Pennsylvania’s next attorney general will be county Commissioner Josh Shapiro, who’ll take over an office wracked by turmoil over the arrest and conviction of a predecessor.
Voters on Tuesday chose the Democrat from the Philadelphia suburb of Montgomery County over Republican state Sen. John Rafferty.
He’ll be the agency’s fourth leader since August, when Democrat Kathleen Kane stepped down after being convicted of leaking secret grand jury material and lying about it.
Kane has been sentenced to 10 to 23 months in prison.
The attorney general is Pennsylvania’s top-ranking law enforcement official.
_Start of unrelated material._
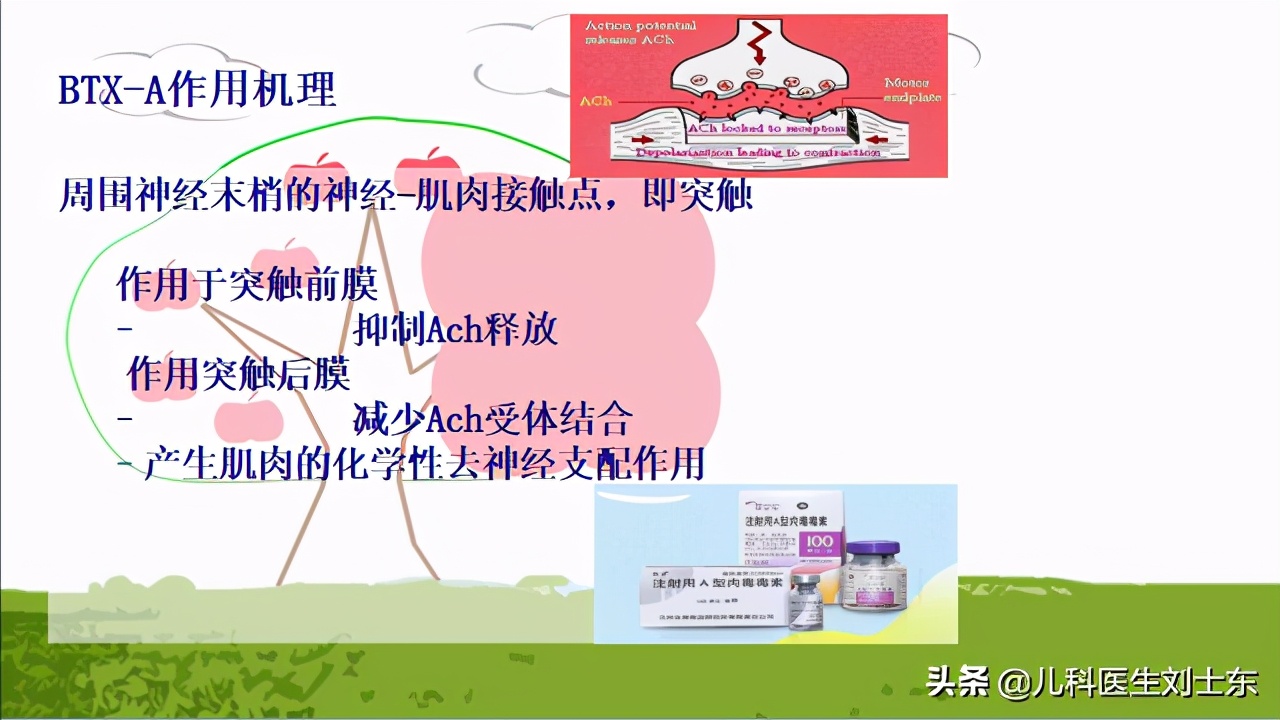 肉毒素治疗脑瘫患儿成功案例,肉毒素治疗脑瘫肌肉痉挛的效果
The agency has more than 800 employees.
Democrat Joe Torsella will be taking over an office marred by scandal after winning the race for Pennsylvania treasurer.
Torsella, of Montgomery County, beat Republican businessman Otto Voit of Berks County in Tuesday’s election.
The 53-year-old Torsella was most recently a presidential appointee to the U.S. Mission to the United Nations.
The treasurer oversees the 360-employee agency that processes $90 billion in payments every year and is custodian of over $100 billion of public money. The office also has been drawn into the state’s budget fights and struggles with deficits in recent years.
Two of the last three elected treasurers are embroiled in scandal. One, Rob McCord, pleaded guilty last year to federal attempted extortion charges. Barbara Hafer is facing federal charges in a case that revolves around treasury investment contracts. (Pittsburgh Post Gazette).
2. KATHLEEN KANE CONVICTED AND SENTENCED ......A judge sentenced former Pennsylvania Attorney General Kathleen Kane to 10 to 23 months in prison for committing multiple felonies stemming from a politically motivated act of retribution.
Kane, who resigned after her conviction of perjury and obstruction in August, also will be on probation for eight years following her release, according to Kim Bathgate, spokeswoman for the Office of Pennsylvania Courts.
Kane, a Democrat who was elected in 2012, faced a possible 12-24 years in prison, according to Kate Delano, a spokeswoman for the Montgomery County District Attorney's Office.
Before the sentencing, Kane testified on her own behalf, asking the judge to have mercy for the sake of her two teenage children.
1. TRUMP CARRIES PENNSYLVANIA... Donald Trump has won the White House and Pennsylvania was a crucial part of his electoral path.
The Keystone State was generally considered to be leaning Democratic and had gone blue for six straight elections.
According to the RealClearPolitics average, Trump never led Hillary Clinton in Pennsylvania.
Nonetheless, Trump captured 2,890,633 votes (48.84%) while Clinton received 2,817,409 votes (47.60%).